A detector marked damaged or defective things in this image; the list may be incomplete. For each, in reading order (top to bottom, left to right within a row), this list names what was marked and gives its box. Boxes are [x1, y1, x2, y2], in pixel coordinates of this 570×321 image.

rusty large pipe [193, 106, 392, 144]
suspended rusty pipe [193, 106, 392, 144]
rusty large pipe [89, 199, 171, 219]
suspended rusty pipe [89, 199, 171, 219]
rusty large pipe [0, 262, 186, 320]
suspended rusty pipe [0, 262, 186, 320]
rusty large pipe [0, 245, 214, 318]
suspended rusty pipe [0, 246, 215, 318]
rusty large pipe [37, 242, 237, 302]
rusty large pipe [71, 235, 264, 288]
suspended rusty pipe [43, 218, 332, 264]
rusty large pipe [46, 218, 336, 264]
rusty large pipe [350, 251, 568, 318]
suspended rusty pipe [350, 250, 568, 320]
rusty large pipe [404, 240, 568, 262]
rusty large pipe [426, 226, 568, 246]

• EXERCISE
When you reach this point, go back and write out each record above exactly.

• REPLY TO THE EXERCISE
A detector marked damaged or defective things in this image; the list may be incomplete. For each, in reading order (top to bottom, left to right within a row), this list names what was marked and gives its box. Boxes are [x1, y1, x2, y2], in pixel coordinates of this 570×321 image.

rusty large pipe [193, 106, 392, 144]
suspended rusty pipe [193, 106, 392, 144]
rusty large pipe [89, 199, 171, 219]
suspended rusty pipe [89, 199, 171, 219]
rusty large pipe [0, 262, 186, 320]
suspended rusty pipe [0, 262, 186, 320]
rusty large pipe [0, 245, 214, 318]
suspended rusty pipe [0, 246, 215, 318]
rusty large pipe [37, 242, 237, 302]
rusty large pipe [71, 235, 264, 288]
suspended rusty pipe [43, 218, 332, 264]
rusty large pipe [46, 218, 336, 264]
rusty large pipe [350, 251, 568, 318]
suspended rusty pipe [350, 250, 568, 320]
rusty large pipe [404, 240, 568, 262]
rusty large pipe [426, 226, 568, 246]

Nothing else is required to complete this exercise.